The other machine learning technique that this paper is based on is self-supervised learning. In this technique we find a use for unlabeled data, while labeling and maintaining massive data is expensive. The image itself already contains structural information that can be utilized. There exist many SSL tasks, such as removing a part of the data in order for the agent to reconstruct the lost part. Other methods include tasks prediction rotations, relative patch location, etc.

Method

The authors of this paper suggest a framework, as seen in Fig. 1, that combines few-shot learning with self-supervised learning. The labeled training data consists of a set of base classes in pairs of images and labels, and its domain is denoted by [math]\displaystyle{ \mathcal{D}_s }[/math]. Similarly, the domain of the images used for the self-supervised tasks is shown by [math]\displaystyle{ \mathcal{D}_{ss} }[/math]. This paper also analyzes the effects of having [math]\displaystyle{ \mathcal{D}_s = \mathcal{D}_{ss} }[/math] versus [math]\displaystyle{ \mathcal{D}_s \neq \mathcal{D}_{ss} }[/math] on the accuracy of the final few-shot learning task.

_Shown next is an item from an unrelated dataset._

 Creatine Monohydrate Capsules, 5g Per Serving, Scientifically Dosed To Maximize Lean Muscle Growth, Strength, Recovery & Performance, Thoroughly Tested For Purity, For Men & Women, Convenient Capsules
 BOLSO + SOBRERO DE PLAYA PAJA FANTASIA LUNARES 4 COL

The input is connected to a feed-forward convolutional network [math]\displaystyle{ f(x) }[/math] and it is the shared backbone between the classifier [math]\displaystyle{ g }[/math] and the self-supervised target predictor [math]\displaystyle{ h }[/math]. The classification loss [math]\displaystyle{ \mathcal{L}_s }[/math] and the task prediction loss [math]\displaystyle{ \mathcal{L}_{ss} }[/math] are written as:


[math]\displaystyle{ \mathcal{L}_s := \sum_{(x_i,y_i)\in \mathcal{D}_s} \ell(g \circ f(x_i), y_i) + \mathcal{R}(f,g), }[/math]

[math]\displaystyle{ \mathcal{L}_{ss} := \sum_{x_i\in \mathcal{D}_{ss}} \ell(h \circ f(\hat{x_i}), \hat{y_i}). }[/math]


The final loss is [math]\displaystyle{ \mathcal{L} := \mathcal{L}_s + \mathcal{L}_{ss} }[/math], and thus the self-supervised losses act as a data-dependent regularizer for representation learning. The gradient updates are therefore performed based on this combined loss. It should be noted that in case [math]\displaystyle{ \mathcal{D}_s \neq \mathcal{D}_{ss} }[/math], a forward pass is done on a batch per each dataset, and the two losses are combined.